*Data provided:*
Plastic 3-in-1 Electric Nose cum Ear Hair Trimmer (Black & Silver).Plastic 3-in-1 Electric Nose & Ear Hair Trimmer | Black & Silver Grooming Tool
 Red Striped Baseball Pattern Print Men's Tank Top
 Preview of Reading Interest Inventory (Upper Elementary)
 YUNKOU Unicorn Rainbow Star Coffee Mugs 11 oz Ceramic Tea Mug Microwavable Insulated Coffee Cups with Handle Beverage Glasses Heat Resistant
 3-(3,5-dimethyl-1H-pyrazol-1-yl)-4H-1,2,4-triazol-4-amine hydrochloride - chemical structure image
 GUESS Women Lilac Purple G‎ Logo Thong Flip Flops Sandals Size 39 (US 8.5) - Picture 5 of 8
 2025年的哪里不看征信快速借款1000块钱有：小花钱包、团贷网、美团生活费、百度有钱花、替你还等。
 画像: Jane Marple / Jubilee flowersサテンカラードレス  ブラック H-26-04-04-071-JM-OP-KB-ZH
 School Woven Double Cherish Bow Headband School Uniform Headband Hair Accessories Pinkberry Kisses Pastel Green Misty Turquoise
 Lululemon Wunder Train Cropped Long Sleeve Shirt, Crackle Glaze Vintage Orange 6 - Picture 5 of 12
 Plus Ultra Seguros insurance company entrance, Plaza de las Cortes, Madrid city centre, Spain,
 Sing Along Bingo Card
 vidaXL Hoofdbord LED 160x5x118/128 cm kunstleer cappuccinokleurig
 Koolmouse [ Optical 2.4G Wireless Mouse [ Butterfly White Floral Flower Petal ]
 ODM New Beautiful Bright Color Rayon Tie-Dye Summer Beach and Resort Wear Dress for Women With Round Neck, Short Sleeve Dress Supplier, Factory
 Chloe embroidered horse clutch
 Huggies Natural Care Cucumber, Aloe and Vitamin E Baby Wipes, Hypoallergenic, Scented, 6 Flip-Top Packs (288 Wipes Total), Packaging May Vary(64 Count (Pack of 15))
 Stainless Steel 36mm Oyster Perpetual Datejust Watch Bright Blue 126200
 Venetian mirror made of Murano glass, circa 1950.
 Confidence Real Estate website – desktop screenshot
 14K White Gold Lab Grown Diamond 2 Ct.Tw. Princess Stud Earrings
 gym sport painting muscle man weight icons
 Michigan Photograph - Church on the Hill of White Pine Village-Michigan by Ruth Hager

*What you are asked to do:* Restate every line of the listing word for word.

*Answer space:*
Plastic 3-in-1 Electric Nose cum Ear Hair Trimmer (Black & Silver).Plastic 3-in-1 Electric Nose & Ear Hair Trimmer | Black & Silver Grooming Tool
 Red Striped Baseball Pattern Print Men's Tank Top
 Preview of Reading Interest Inventory (Upper Elementary)
 YUNKOU Unicorn Rainbow Star Coffee Mugs 11 oz Ceramic Tea Mug Microwavable Insulated Coffee Cups with Handle Beverage Glasses Heat Resistant
 3-(3,5-dimethyl-1H-pyrazol-1-yl)-4H-1,2,4-triazol-4-amine hydrochloride - chemical structure image
 GUESS Women Lilac Purple G‎ Logo Thong Flip Flops Sandals Size 39 (US 8.5) - Picture 5 of 8
 2025年的哪里不看征信快速借款1000块钱有：小花钱包、团贷网、美团生活费、百度有钱花、替你还等。
 画像: Jane Marple / Jubilee flowersサテンカラードレス  ブラック H-26-04-04-071-JM-OP-KB-ZH
 School Woven Double Cherish Bow Headband School Uniform Headband Hair Accessories Pinkberry Kisses Pastel Green Misty Turquoise
 Lululemon Wunder Train Cropped Long Sleeve Shirt, Crackle Glaze Vintage Orange 6 - Picture 5 of 12
 Plus Ultra Seguros insurance company entrance, Plaza de las Cortes, Madrid city centre, Spain,
 Sing Along Bingo Card
 vidaXL Hoofdbord LED 160x5x118/128 cm kunstleer cappuccinokleurig
 Koolmouse [ Optical 2.4G Wireless Mouse [ Butterfly White Floral Flower Petal ]
 ODM New Beautiful Bright Color Rayon Tie-Dye Summer Beach and Resort Wear Dress for Women With Round Neck, Short Sleeve Dress Supplier, Factory
 Chloe embroidered horse clutch
 Huggies Natural Care Cucumber, Aloe and Vitamin E Baby Wipes, Hypoallergenic, Scented, 6 Flip-Top Packs (288 Wipes Total), Packaging May Vary(64 Count (Pack of 15))
 Stainless Steel 36mm Oyster Perpetual Datejust Watch Bright Blue 126200
 Venetian mirror made of Murano glass, circa 1950.
 Confidence Real Estate website – desktop screenshot
 14K White Gold Lab Grown Diamond 2 Ct.Tw. Princess Stud Earrings
 gym sport painting muscle man weight icons
 Michigan Photograph - Church on the Hill of White Pine Village-Michigan by Ruth Hager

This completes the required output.